--- Action item ---
Locate, in the data below, the line that contains "Ditemukan Virus Mematikan" and the line that contains "Peptide microarray fluorescence"; reproduce exactly those two lines and every line between them, nothing more.

--- Recorded information ---
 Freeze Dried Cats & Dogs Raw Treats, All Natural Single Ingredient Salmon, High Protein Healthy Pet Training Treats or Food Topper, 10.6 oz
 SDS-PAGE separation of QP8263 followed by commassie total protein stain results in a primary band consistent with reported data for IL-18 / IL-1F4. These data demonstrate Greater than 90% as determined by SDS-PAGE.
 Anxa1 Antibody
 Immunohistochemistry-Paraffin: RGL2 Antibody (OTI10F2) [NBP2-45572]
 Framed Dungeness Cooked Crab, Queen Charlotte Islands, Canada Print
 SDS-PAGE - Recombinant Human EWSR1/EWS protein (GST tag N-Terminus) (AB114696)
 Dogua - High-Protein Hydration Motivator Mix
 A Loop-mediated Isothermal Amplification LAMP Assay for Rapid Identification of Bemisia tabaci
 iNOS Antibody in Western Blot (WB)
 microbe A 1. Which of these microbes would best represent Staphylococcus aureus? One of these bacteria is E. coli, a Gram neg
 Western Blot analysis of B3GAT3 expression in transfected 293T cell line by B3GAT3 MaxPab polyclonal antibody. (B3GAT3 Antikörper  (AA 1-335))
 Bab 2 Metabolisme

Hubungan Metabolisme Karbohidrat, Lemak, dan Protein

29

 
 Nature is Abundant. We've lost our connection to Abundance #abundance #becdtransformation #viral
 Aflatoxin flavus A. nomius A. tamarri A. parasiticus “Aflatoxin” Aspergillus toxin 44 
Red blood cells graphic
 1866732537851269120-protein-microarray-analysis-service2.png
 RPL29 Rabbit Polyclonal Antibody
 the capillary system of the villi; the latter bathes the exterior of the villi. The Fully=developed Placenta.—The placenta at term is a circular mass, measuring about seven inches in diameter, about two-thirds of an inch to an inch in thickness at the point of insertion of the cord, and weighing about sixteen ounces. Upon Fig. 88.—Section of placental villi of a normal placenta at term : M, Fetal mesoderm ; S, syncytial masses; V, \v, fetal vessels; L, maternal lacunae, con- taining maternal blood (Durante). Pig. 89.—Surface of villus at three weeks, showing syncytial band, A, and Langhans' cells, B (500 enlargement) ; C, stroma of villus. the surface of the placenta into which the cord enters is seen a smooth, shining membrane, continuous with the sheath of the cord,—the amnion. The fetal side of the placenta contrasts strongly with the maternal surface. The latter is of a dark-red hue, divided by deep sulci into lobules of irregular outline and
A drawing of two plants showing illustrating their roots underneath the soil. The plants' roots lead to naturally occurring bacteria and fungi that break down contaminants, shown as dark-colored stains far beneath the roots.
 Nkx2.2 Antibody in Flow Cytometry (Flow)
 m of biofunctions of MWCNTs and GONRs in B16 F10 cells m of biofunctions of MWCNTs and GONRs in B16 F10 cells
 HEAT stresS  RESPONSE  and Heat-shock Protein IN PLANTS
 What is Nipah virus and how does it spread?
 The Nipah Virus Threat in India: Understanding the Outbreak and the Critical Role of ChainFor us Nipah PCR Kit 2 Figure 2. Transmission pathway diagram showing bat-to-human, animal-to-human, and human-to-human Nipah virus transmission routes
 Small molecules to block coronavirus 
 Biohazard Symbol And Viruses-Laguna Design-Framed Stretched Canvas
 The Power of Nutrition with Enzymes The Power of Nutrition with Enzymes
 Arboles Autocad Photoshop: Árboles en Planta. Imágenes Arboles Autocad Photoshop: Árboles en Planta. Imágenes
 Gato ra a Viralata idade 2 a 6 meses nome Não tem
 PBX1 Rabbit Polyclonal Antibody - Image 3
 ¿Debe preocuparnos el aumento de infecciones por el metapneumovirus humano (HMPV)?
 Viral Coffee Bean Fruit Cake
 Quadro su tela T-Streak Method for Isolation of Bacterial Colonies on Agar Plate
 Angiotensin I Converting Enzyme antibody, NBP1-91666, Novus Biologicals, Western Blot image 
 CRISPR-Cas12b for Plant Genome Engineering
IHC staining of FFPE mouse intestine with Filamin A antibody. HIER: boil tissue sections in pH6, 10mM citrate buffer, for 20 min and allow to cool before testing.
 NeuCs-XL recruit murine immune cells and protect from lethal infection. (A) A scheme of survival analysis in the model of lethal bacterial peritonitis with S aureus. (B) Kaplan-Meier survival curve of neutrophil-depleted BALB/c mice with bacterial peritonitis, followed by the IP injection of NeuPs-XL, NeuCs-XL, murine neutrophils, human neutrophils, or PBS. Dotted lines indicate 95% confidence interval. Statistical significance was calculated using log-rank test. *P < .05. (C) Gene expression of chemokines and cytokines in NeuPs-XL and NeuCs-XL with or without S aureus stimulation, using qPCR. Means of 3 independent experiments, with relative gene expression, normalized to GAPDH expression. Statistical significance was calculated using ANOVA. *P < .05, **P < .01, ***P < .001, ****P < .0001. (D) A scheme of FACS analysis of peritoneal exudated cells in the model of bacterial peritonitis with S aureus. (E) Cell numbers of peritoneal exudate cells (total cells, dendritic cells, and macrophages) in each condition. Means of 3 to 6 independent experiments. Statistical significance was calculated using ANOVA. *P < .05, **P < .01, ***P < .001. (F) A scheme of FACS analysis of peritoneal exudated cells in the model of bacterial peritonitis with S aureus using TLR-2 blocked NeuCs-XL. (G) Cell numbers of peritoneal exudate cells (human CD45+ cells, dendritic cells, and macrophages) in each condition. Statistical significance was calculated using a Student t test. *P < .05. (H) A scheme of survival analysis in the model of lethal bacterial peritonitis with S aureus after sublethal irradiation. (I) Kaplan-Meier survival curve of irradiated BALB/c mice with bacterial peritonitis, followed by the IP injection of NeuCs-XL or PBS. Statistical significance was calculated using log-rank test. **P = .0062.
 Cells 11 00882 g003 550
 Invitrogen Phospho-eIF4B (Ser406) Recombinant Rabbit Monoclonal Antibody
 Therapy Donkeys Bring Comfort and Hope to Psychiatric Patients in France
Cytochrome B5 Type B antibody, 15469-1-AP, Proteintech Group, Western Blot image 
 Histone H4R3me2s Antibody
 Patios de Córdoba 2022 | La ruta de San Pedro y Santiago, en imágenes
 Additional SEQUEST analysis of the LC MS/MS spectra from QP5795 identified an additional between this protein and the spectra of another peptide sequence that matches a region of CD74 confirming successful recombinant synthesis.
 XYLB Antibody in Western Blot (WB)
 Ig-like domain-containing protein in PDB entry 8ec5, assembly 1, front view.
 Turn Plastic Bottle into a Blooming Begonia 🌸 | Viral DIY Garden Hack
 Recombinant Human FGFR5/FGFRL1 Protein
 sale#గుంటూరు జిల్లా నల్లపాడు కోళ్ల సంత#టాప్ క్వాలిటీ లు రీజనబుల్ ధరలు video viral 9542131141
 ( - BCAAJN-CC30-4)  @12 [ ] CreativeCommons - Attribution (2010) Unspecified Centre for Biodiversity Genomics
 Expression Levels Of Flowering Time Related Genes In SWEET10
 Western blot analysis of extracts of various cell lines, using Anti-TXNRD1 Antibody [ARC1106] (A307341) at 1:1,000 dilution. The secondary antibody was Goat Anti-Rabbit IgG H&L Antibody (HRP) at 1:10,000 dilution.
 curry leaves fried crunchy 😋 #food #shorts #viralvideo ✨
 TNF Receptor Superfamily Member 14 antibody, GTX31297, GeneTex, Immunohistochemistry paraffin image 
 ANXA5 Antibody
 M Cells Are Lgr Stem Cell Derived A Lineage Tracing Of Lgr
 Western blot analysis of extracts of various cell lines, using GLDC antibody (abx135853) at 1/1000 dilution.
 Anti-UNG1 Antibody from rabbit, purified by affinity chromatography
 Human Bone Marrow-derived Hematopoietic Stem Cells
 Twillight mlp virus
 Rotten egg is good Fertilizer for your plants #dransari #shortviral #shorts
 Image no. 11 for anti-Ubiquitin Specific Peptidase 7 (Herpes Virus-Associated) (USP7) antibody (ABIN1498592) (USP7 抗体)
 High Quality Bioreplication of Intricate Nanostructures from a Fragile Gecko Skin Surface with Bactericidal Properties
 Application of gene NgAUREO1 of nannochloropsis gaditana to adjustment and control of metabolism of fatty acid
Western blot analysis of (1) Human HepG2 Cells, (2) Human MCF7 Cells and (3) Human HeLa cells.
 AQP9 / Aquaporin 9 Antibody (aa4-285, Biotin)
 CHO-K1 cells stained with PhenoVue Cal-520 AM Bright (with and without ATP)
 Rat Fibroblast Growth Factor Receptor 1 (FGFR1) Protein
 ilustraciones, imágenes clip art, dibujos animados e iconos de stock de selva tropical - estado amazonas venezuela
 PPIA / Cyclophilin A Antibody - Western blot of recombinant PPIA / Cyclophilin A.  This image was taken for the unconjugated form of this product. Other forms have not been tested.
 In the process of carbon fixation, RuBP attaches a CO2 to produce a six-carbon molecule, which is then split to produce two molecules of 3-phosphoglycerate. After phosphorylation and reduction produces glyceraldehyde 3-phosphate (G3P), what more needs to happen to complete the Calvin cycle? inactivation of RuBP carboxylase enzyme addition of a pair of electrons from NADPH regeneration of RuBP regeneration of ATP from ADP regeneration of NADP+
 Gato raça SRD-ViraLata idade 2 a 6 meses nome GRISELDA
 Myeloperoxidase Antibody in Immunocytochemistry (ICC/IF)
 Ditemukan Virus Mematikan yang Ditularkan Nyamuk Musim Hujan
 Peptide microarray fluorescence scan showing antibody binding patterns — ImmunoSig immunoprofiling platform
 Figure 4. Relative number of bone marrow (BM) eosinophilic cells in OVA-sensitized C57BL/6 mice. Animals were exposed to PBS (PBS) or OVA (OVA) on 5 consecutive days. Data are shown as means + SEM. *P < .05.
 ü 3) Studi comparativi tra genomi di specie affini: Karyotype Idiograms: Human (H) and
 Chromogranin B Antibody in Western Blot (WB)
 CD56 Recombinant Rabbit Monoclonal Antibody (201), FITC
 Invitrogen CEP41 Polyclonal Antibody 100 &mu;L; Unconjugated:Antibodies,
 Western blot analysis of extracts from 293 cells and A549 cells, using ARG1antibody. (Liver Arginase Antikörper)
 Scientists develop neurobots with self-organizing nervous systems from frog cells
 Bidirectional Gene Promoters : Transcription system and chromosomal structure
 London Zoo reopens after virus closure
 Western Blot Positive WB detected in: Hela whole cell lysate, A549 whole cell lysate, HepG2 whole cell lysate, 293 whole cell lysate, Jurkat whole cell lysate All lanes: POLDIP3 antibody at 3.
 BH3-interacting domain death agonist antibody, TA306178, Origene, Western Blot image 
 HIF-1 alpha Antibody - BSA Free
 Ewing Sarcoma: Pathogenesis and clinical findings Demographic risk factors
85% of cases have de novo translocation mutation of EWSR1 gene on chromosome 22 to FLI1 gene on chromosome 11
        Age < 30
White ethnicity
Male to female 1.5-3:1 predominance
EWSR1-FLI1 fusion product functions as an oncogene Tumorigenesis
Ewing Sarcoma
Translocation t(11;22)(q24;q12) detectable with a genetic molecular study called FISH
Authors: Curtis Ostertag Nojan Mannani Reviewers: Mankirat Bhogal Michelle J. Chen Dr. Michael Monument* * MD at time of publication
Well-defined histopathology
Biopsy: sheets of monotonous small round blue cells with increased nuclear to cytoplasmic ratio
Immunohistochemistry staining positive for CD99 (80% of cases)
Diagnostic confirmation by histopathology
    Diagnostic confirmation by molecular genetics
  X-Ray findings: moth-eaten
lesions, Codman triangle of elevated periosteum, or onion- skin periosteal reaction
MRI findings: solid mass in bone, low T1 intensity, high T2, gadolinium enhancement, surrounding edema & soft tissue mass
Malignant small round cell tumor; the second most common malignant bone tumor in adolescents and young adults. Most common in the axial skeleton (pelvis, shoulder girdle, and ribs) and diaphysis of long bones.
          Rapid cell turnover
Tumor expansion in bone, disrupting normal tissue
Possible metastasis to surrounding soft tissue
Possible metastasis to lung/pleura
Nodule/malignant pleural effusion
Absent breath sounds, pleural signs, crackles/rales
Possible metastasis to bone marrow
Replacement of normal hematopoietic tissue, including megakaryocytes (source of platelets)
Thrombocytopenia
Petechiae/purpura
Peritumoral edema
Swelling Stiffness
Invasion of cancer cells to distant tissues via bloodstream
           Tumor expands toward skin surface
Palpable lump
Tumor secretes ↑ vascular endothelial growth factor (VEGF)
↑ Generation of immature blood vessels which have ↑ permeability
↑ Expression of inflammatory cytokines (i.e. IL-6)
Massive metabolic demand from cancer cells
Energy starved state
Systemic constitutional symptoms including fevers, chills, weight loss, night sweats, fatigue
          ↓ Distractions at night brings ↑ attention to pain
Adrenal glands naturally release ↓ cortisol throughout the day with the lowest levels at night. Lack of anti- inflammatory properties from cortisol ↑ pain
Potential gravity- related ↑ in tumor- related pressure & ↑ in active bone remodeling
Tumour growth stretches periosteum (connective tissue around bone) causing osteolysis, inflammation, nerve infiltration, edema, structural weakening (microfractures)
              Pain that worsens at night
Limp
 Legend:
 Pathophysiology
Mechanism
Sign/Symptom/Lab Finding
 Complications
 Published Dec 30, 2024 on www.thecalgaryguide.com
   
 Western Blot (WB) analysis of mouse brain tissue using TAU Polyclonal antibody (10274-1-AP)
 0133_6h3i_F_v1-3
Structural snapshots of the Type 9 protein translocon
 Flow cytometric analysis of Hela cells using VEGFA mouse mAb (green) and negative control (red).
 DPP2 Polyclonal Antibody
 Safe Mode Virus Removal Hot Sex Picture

--- Exercise response ---
 Ditemukan Virus Mematikan yang Ditularkan Nyamuk Musim Hujan
 Peptide microarray fluorescence scan showing antibody binding patterns — ImmunoSig immunoprofiling platform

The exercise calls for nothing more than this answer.